Brie negó con la cabeza y se abrazaron a la vez. Notó cómo los labios de Paul rozaron su pabellón auditivo, produciendo un enorme escalofrío en todo su cuerpo.

—¿Ahora sí me vas a aceptar esa cena que tenemos pendiente? —preguntó él entre susurros—.

Ella lo miró, alzando una ceja y agitando la cabeza aceptando su propuesta.

—Pasaré a recogerte a las nueve y media.

Se sonrieron, Brie estaba nerviosa, pues nunca le había gustado ningún chico en dieciocho años, pero Paul le había removido su interior de alguna manera, y a pesar de que ella no estaba enamorada de él como él de ella, pensó que no fue mala idea seguir hacia adelante con sus sentimientos. Tal vez podría ser el comienzo de algo que durase para siempre. En un momento inesperado, Nikolai la subió a sus hombros cogiéndola de ambas manos para llevarla al centro del campo y pudieran colocar sobre su cuello, una medalla de oro. Una máquina empezó a disparar confetis cuando se subió a un pequeño escalón con el número uno grabado de color negro. Fue su propio entrenador quien, con mucho orgullo, le colocó la medalla sobre el cuello.

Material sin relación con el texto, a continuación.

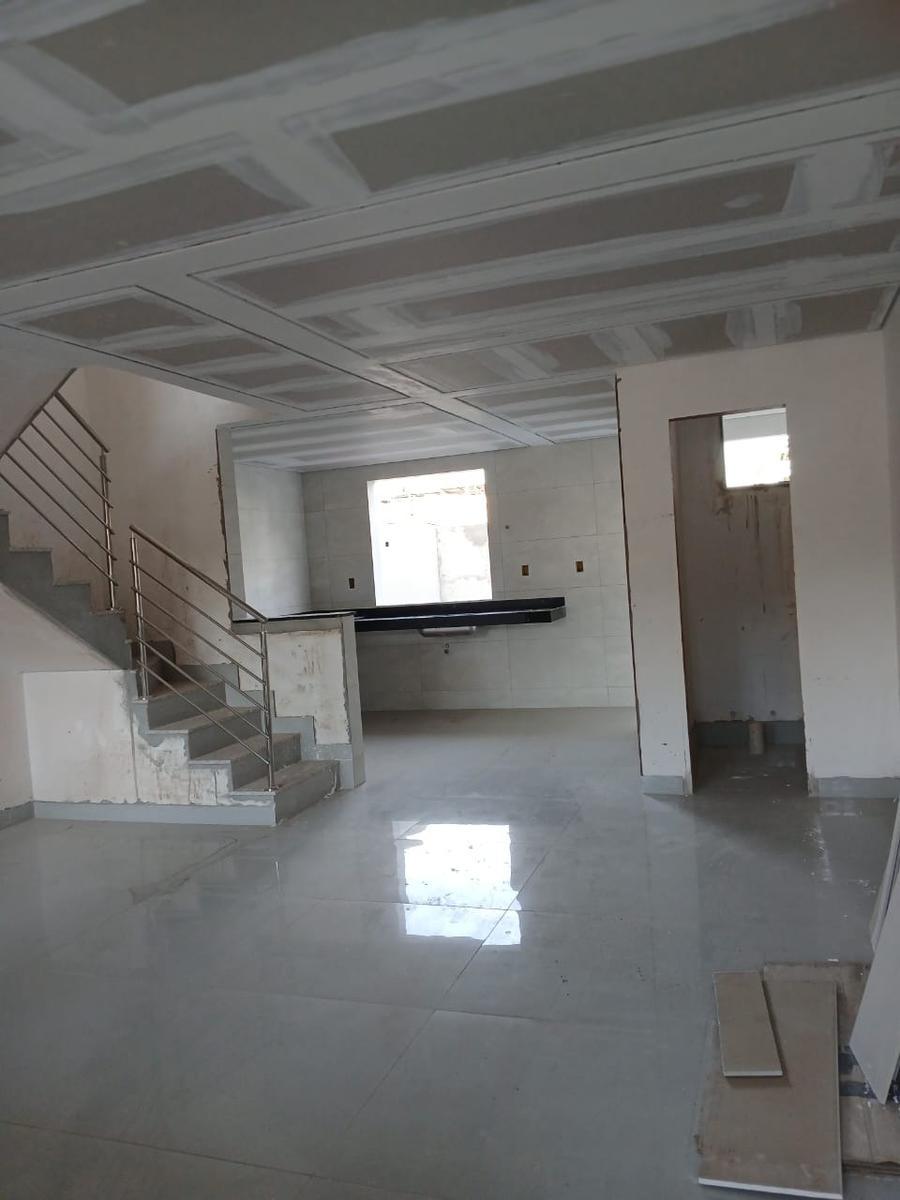 Casa, Piratininga (venda Nova), 2 Quartos, 2 Vagas, 2 Suítes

—Ya estás lista para vencer donde sea que pongas los pies —le añadió él—.

Brie no pudo evitar lanzarse a sus brazos, emocionada por todo lo que estaba sucediendo.

—Jamás lo habría logrado sin ti —respondió ella—.

Nikolai teníauna lágrima en cada ojo a punto de salir, pero era fuerte para lograrretenerlas.